___ Information provided

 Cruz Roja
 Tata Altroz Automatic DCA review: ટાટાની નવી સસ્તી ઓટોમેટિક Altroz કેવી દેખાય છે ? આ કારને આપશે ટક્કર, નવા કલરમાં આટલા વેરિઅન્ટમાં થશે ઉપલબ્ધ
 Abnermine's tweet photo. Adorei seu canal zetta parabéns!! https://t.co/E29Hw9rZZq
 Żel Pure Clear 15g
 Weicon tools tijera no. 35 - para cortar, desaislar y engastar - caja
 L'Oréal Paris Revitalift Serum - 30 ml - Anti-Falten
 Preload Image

______
___ Information provided

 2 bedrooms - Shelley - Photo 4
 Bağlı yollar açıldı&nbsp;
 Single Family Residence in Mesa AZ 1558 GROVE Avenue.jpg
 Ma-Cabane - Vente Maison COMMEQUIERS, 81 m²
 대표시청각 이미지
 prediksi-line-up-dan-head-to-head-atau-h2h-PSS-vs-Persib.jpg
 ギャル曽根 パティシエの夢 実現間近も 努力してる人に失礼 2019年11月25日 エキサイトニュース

______
___ Information provided

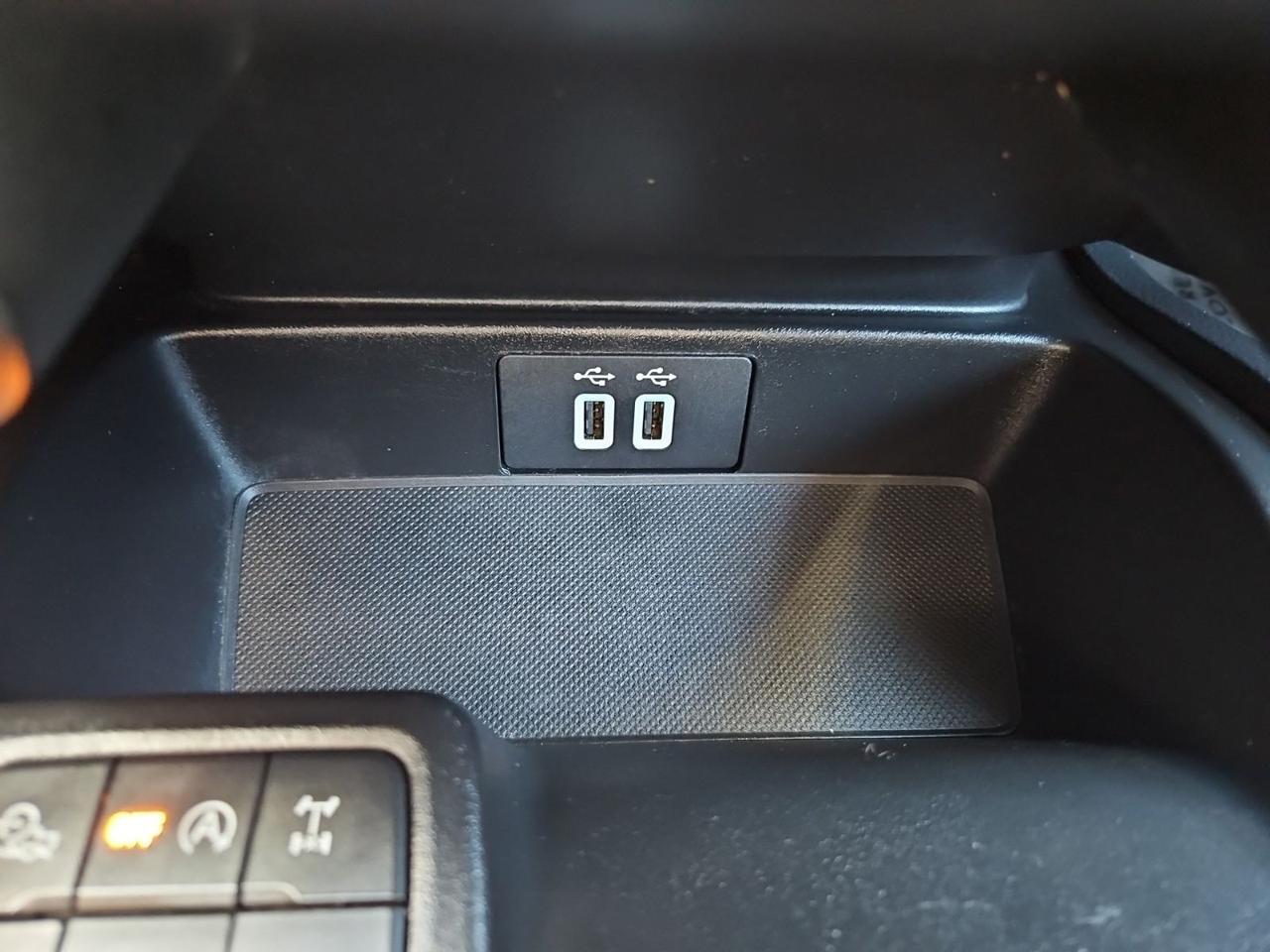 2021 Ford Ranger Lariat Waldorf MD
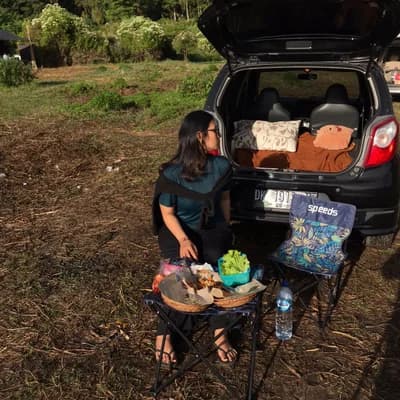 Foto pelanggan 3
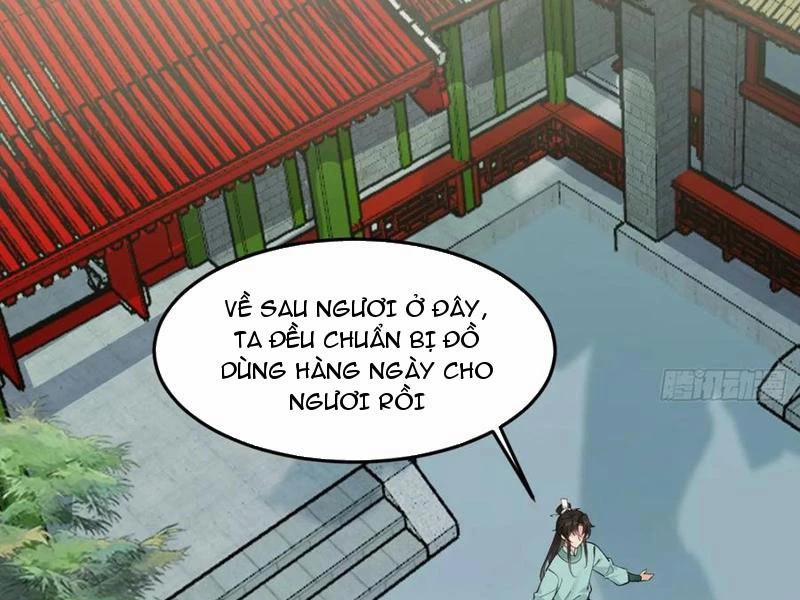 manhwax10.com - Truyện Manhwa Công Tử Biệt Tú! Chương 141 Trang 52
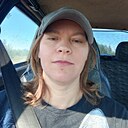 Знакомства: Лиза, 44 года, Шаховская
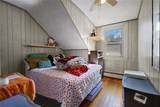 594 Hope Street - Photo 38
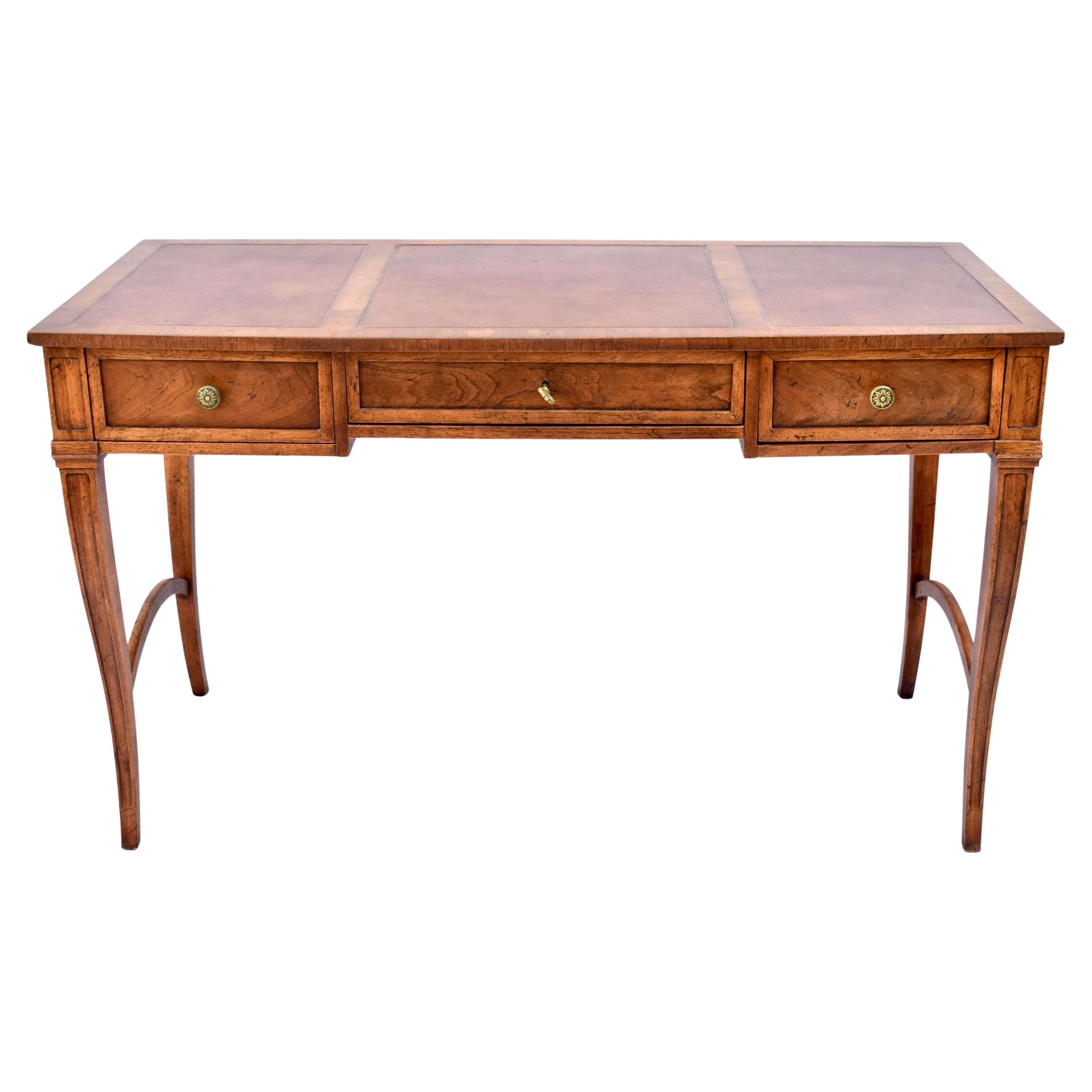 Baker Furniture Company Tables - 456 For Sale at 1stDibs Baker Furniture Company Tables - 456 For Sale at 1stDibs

______

Leaving out each picture, repeat exactly the lines above from the one that contains "manhwax10.com - Truyện" through the one that contains "Baker Furniture Company Tables - 456 For Sale at 1stDibs Baker".

◆ Completed exercise
 manhwax10.com - Truyện Manhwa Công Tử Biệt Tú! Chương 141 Trang 52
 Знакомства: Лиза, 44 года, Шаховская
 594 Hope Street - Photo 38
 Baker Furniture Company Tables - 456 For Sale at 1stDibs Baker Furniture Company Tables - 456 For Sale at 1stDibs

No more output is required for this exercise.